The following node is available in the Open Source KNIME predictive analytics and data mining platform version 2.7.1. Discover over 1000 other nodes, as well as enterprise functionality at http://knime.com.

Linear Correlation

Calculates for each pair of selected columns a correlation coefficient, i.e. a measure of the correlation of the two variables.

Which correlation measure is applied depends on the types of the underlying variables:
numeric <-> numeric: Pearson's product-moment coefficient. Missing values in a column are ignored in such a way that for the computation of the correlation between two columns only complete records are taken into account. For instance, if there are three columns A, B and C and a row contains a missing value in column A but not in B and C, then the row will be ignored for computing the correlation between (A, B) and (A, C). It will not be ignored for the correlation between (B, C). This corresponds to the function cor(<data.frame>, use="pairwise.complete.obs") in the R statistics package.
The value of this measure ranges from -1 (strong negative correlation) to 1 (strong positive correlation). A value of 0 represents no linear correlation (the columns might still be highly dependent on each other, though).
nominal <-> nominal: Pearson's chi square test on the contingency table. This value is then normalized to a range [0,1] using Cramer's V, whereby 0 represents no correlation and 1 a strong correlation. Missing values in nominal columns are treated such as they were a self-contained possible value. If one of the two columns contains more possible values than specified in the dialog (default 50), the correlation will not be computed.
Correlation measures for other pairs of columns are not available, they are represented by missing values in the output table and crosses in the accompanying view.

Dialog Options

Column Filter
Include
This list contains the column names for which correlation values shall be computed.
Enforce Inclusion
Select this option to enforce the current inclusion list to stay the same even if the input table specification changes. New columns will automatically be added to the exclusion list.
Select
Use these buttons to move columns between the Include and Exclude list.
Search
Use one of these fields to search either within the Include or Exclude list for certain column names or name substrings. Repeated clicking of the search button marks the next column that matches the search text. The check box 'Mark all search hits' causes all matching columns to be selected making them movable between the two lists.
Exclude
This list contains the column names of the input table that are left out of the calculation.
Enforce Exclusion
Select this option to enforce the current exclusion list to stay the same even if the input table specification changes. New columns will automatically be added to the inclusion list.
Possible Values Count
Select an upper bound for the number of possible values for each of the nominal columns.
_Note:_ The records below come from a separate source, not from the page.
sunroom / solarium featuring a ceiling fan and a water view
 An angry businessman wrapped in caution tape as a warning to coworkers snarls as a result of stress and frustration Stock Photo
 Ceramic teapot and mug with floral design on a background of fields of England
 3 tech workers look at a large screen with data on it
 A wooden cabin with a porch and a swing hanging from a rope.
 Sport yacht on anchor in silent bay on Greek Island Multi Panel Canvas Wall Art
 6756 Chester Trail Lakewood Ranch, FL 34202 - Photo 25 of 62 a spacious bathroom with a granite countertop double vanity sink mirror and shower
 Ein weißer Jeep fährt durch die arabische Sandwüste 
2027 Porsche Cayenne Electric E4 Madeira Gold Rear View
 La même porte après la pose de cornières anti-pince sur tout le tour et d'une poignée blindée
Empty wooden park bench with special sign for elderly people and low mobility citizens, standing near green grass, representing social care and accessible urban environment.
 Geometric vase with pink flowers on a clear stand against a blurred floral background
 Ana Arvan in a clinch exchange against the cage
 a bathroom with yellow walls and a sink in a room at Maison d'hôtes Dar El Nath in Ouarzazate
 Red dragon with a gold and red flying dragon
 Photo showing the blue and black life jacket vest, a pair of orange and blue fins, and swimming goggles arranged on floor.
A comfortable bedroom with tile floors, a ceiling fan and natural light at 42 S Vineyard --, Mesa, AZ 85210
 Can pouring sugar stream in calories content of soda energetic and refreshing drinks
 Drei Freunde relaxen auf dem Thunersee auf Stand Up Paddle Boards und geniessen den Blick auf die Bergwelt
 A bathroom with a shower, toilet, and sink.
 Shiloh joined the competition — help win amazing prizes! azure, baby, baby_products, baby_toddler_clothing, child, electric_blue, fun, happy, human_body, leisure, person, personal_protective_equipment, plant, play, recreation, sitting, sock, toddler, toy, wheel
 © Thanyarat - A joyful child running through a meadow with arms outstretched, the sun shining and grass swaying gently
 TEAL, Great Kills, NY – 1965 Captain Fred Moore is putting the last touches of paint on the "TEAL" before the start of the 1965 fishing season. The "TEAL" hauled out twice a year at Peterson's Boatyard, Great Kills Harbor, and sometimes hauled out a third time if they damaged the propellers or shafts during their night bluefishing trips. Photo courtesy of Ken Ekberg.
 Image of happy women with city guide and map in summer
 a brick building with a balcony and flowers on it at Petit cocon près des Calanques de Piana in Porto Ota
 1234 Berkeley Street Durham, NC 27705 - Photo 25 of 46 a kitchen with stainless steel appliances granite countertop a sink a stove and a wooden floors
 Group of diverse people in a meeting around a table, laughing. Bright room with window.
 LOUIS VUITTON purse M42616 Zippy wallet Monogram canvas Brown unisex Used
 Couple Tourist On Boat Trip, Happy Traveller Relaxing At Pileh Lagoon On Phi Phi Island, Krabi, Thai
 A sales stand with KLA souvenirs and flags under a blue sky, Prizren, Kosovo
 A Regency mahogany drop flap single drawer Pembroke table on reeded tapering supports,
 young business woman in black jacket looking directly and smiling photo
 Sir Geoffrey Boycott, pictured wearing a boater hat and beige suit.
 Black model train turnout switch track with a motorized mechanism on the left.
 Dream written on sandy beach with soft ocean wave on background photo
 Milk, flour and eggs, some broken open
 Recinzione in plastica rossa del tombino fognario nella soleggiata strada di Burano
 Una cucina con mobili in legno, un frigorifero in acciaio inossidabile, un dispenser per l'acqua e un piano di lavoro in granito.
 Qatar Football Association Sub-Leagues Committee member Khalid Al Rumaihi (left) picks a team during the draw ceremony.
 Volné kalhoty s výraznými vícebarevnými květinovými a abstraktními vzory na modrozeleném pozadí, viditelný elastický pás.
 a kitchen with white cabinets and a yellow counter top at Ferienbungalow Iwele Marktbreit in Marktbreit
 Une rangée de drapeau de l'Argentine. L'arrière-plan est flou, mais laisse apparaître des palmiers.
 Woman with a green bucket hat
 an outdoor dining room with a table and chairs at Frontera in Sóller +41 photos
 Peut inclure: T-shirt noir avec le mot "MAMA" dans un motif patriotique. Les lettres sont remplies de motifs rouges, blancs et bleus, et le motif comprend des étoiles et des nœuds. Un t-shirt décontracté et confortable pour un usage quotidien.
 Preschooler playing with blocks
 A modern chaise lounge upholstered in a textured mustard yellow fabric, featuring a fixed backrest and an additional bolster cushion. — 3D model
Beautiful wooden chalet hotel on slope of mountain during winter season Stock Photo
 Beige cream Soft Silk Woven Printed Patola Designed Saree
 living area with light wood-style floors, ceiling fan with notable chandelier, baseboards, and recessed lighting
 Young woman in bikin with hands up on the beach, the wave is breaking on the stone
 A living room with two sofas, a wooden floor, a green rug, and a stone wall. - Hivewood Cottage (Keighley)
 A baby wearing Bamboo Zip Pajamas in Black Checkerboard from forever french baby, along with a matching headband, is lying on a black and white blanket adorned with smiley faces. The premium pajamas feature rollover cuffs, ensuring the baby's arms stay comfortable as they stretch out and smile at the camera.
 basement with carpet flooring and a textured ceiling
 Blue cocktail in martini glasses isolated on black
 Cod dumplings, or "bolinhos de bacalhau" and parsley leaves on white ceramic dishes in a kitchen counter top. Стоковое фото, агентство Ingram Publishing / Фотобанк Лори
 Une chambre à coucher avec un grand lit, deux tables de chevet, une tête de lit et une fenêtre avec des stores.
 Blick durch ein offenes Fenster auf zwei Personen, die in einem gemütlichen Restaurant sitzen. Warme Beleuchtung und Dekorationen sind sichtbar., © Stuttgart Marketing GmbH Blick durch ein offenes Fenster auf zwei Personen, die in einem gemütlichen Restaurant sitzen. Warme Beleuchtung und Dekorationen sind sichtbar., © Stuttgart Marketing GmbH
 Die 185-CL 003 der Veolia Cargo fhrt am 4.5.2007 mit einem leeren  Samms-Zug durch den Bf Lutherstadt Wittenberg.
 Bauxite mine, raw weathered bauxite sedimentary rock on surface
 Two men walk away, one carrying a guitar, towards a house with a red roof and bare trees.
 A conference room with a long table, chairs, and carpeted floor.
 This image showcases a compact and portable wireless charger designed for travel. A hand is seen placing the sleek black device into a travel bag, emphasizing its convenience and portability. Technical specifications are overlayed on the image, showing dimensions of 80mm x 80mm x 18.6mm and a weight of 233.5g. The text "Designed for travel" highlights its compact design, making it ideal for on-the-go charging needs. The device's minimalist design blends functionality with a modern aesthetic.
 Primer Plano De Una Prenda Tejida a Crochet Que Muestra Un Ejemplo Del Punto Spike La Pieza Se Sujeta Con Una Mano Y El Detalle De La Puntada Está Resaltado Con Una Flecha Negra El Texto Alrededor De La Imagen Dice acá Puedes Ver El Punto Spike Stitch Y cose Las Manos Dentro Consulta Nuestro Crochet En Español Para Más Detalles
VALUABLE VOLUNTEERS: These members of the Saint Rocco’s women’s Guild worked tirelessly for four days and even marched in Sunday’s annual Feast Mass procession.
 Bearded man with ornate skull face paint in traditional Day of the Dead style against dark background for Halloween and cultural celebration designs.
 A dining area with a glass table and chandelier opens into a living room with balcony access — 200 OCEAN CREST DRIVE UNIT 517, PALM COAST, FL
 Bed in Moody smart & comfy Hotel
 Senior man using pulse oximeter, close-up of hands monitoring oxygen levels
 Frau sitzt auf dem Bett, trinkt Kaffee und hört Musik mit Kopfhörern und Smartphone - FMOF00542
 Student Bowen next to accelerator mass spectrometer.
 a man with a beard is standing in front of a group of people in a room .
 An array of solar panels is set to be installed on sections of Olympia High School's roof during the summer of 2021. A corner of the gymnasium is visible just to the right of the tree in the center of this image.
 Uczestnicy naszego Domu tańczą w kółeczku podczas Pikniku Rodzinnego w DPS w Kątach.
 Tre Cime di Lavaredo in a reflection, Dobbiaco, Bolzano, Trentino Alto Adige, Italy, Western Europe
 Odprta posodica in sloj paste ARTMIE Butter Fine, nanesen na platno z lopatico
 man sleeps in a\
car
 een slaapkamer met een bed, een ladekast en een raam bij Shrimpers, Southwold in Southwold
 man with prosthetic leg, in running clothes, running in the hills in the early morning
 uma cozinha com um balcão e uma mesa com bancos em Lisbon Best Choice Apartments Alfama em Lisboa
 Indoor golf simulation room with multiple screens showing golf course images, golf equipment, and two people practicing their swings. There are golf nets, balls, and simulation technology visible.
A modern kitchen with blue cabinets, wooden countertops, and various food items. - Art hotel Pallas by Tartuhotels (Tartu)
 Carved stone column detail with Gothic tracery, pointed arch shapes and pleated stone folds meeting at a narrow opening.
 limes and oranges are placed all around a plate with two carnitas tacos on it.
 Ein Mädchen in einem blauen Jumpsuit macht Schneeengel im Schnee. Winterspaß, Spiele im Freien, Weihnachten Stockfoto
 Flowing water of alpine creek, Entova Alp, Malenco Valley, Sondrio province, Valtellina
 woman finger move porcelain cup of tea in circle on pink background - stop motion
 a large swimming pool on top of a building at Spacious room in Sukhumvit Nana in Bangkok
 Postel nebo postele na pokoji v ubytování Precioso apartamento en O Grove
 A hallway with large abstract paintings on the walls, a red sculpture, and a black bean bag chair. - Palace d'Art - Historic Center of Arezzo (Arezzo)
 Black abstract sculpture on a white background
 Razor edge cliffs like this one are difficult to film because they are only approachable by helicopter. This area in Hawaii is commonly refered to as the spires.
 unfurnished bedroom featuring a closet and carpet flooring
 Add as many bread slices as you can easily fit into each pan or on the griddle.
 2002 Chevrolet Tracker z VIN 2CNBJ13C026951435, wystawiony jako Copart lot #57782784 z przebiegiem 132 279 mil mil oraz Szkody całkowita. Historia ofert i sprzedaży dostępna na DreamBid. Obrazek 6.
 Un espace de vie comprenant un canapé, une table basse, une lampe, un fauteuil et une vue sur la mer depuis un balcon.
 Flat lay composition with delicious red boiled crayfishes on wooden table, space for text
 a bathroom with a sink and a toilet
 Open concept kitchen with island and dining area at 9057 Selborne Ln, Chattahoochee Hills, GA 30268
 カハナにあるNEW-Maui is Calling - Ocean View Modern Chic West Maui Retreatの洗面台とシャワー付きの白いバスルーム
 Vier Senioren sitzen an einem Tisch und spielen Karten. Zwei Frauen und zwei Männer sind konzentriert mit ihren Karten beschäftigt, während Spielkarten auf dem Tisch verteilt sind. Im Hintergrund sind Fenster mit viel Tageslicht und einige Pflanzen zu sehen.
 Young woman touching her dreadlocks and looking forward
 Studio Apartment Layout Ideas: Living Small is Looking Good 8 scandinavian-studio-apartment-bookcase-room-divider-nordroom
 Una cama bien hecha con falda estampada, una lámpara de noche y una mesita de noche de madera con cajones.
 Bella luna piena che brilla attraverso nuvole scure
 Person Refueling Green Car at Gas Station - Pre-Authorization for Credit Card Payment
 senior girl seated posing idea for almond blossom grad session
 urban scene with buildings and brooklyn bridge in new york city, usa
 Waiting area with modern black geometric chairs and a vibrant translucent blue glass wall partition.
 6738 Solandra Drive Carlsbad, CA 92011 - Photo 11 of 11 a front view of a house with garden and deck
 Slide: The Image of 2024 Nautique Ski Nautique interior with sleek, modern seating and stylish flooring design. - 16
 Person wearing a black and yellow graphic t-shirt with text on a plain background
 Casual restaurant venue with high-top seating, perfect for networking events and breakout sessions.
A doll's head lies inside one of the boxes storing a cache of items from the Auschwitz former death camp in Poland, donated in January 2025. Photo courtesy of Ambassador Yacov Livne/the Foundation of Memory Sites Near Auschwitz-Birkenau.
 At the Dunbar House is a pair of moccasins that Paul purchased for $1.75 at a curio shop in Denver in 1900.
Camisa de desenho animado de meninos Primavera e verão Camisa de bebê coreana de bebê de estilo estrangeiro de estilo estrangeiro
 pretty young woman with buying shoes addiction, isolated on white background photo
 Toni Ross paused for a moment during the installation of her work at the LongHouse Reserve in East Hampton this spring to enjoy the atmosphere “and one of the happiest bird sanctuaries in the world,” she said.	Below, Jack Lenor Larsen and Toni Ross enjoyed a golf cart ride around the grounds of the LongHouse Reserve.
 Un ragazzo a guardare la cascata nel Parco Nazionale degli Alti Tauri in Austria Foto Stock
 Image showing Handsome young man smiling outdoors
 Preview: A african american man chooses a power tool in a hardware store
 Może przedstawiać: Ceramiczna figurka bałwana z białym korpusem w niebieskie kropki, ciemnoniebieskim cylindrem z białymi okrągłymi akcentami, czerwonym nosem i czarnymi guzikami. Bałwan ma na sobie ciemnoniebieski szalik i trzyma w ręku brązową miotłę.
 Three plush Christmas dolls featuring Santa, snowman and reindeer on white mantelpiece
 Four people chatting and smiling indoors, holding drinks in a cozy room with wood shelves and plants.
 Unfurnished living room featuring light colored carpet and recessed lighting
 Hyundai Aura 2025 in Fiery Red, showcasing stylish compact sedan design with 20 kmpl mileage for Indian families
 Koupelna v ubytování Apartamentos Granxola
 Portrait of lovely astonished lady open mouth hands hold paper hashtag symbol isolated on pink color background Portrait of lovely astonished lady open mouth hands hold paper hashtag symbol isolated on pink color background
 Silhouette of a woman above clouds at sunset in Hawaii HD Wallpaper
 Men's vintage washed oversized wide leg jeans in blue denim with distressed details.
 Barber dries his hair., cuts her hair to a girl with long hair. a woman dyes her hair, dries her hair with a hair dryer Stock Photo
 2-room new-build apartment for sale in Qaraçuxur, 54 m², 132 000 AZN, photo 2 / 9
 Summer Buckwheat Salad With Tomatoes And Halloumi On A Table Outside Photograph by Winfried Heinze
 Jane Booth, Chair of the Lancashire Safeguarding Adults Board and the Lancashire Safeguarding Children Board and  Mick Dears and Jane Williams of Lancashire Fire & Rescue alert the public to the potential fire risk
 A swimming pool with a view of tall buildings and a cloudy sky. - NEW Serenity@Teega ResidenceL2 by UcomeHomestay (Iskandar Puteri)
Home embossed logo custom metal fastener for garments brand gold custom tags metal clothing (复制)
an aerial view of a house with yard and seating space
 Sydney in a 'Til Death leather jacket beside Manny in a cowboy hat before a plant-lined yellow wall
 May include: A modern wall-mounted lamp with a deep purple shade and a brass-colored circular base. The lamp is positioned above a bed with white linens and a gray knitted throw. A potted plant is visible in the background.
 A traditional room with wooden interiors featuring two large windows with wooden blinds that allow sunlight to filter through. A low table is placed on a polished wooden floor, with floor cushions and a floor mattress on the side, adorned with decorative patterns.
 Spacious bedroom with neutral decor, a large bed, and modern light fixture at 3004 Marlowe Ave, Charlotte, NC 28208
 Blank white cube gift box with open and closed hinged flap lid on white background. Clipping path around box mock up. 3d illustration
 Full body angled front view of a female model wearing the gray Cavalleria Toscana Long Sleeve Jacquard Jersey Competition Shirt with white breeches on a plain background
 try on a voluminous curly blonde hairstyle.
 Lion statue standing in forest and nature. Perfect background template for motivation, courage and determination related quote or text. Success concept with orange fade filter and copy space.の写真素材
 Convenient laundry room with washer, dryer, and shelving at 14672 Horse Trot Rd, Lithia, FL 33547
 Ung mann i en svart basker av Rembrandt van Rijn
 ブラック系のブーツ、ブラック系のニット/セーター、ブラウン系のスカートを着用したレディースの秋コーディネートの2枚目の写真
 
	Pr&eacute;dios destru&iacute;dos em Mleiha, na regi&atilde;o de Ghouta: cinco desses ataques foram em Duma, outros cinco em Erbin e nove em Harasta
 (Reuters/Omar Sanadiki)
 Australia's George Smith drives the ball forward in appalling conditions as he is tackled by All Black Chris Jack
If more values are encountered in a nominal column, the column will be ignored (no correlation values will be computed).

Ports

Input Ports
0 Numeric input data to evaluate
Output Ports
0 Correlation variables in a square matrix
1 A model containing the correlation measures. This model is appropriate to be read by the Correlation Filter node.

Views

Correlation Matrix
Squared table view showing the pair-wise correlation values of all columns. The color range varies from dark red (strong negative correlation), over white (no correlation) to dark blue (strong positive correlation). If a correlation value for a pair of column is not available, the corresponding cell contains a missing value (shown as cross in the color view).
This node is contained in KNIME Base Nodes provided by KNIME GmbH, Konstanz, Germany.